Сейчас мы едем на белом микроавтобусе вдоль посадки. Вижу взорванный «КамАЗ», в который попал танковый снаряд. Макс «Шило», тот самый, что за рулем, набирает уже километров 130 в час. А это, между прочим, не трасса. Это другой маршрут, обычная грунтовая дорога. Машину трясет, мотает. Мы задеваем нижней точкой задней балки какой-то бугор, слышится сильный стук. Смирнов матерится, мы все материмся, потому что в голове лишь одна мысль: «Наверное, машине хана».

Но нет, «Мерс», на удивление, выдерживает это испытание и торопится попасть к Боцману на передок. В пакетах «Ангелов» сигареты, какая-то форма, берцы, еда. Самое необходимое, что может пригодиться ополченцам тут. А еще я хорошо помню, что ребята везли им квадрокоптер, чтобы те, в свою очередь, могли так же, как и украинские военные, проводить разведку с воздуха. Каких-то лет 15 назад такое можно было представить лишь в научной фантастике.

Наконец-то мы ныряем в спасительную низину уже возле самого передка. Отсюда до окопов – считанные метры. Мы все быстро выскакиваем и идем к ополченцам. Смирнова здесь знают хорошо, он не первый раз помогает этим ребятам. Меня узнает Грац и Боцман. Ребята удивились: «Обычно к нам военкоры приезжают один лишь раз. Исключение – Фадеев и Дубовой». Я улыбаюсь. Мы передаем подарки, местные сразу набрасываются на сигареты. Курева тут нет уже как пару дней.

– Мы уж думали самосад какой сажать, – смеется один из них, распаковывая пачку табака.

– Давайте кофе попьем, что ли. Мы вас и покормить можем, у нас сегодня борщ, – Боцман встречает гостеприимно, улыбается. Везде у него порядок, все на своих местах.

За столом все просто – кружки-ложки, последние местные боевые сводки. Парни курят, мы настороженно слушаем «Кирпича», заместителя Боцмана.
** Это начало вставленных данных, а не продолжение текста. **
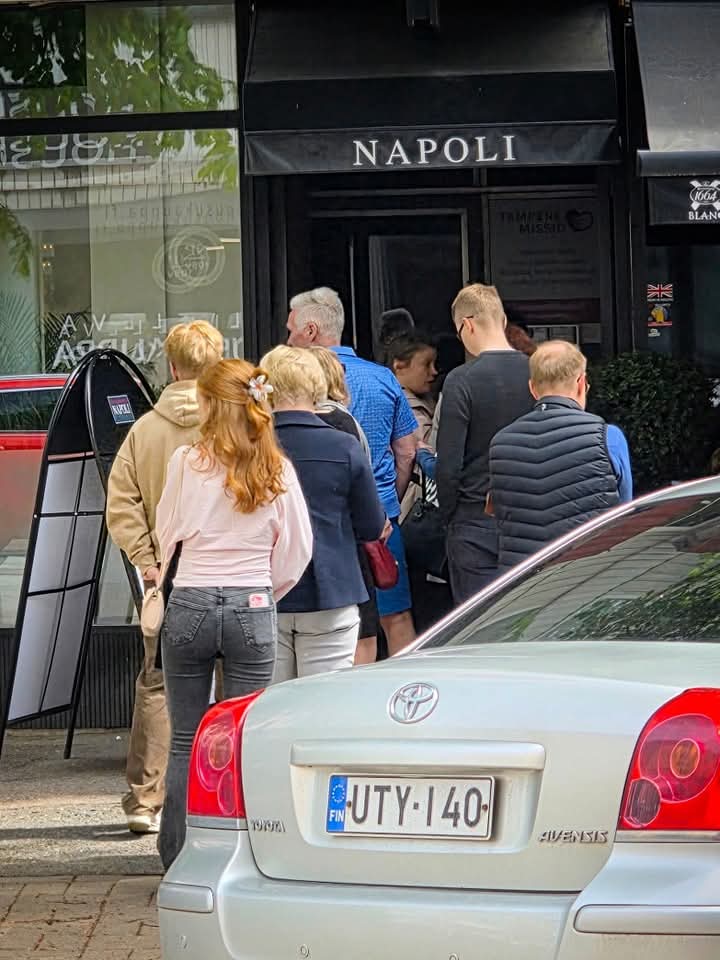 Jocka Träskbäck (@jocka) on Twitter photo Jos jossain jonotus on ok, niin täällä. Ja kiinteä osa kokemusta. #napoli #pizza Jos jossain jonotus on ok, niin täällä. Ja kiinteä osa kokemusta. #napoli #pizza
– Утром заметили, как по зеленке, по дальней, просочилась таки какая-то группа вооруженная. Так что вы на обратном пути будьте аккуратней там. Мало ли чего. Мы своих всех предупредили, чтобы встречали. Но все-таки.

Мы как-то нервно начинаем похихикивать. Я записываю интервью с Боцманом.

– Обстановка стабильно напряженная, – начинает он словами Басурина. – Регулярные обстрелы, ежедневные. Наблюдаем перемещение украинской техники. Ждем опять атаку.

Еще несколько дней назад тут был бой. ВСУ пошли в танковую атаку. Ополченцам удалось подбить один Т-64. Экипаж танка слинял, бросив подбитую технику. Остальные дали деру. Я стою на краю окопа и смотрю в бинокль, рассматривая подбитую «броню».

– Ночью пытались к нему подойти, но наши сигналки сработали. Видно что-то вытащить хотели из него. Может своего убитого, может документацию какую. Черт его знает.

Намного позже, уже осенью, я увижу этот танк в рядах ополченцев. А о том, как Боцман и его немногочисленная команда, в рядах которой было чуть больше отделения, отбила атаку украинцев, будут слагать настоящие легенды. Да и не удивительно. Боцман и Кирпич – действительно легендарные личности, начинавшие свой путь еще в Славянске вместе с Моторолой и Стрелковым. «Непобедимый Боцман» – бородатый, грузный, огромный славянский мужик. Медведь, по-другому не скажешь. Умнейший человек, расчетливый, хладнокровный. Его тут слушает каждый. Огромная борода, добрая улыбка, острый юмор.

Да и ребята его все как на подбор. И не было в них никакой напыщенности, торопливости, суетливости. Очень часто такими можно увидеть героев военных фильмов. В жизни же все иначе. Одним словом – легендарное отделение. Кто еще таким количеством отобьется от превосходящих сил, да еще и от техники?

Прощаемся тепло. Уезжаем так же, той же дорогой, с той же максимальной скоростью. Когда выскакиваем в Тельманово, облегченно выдыхаем.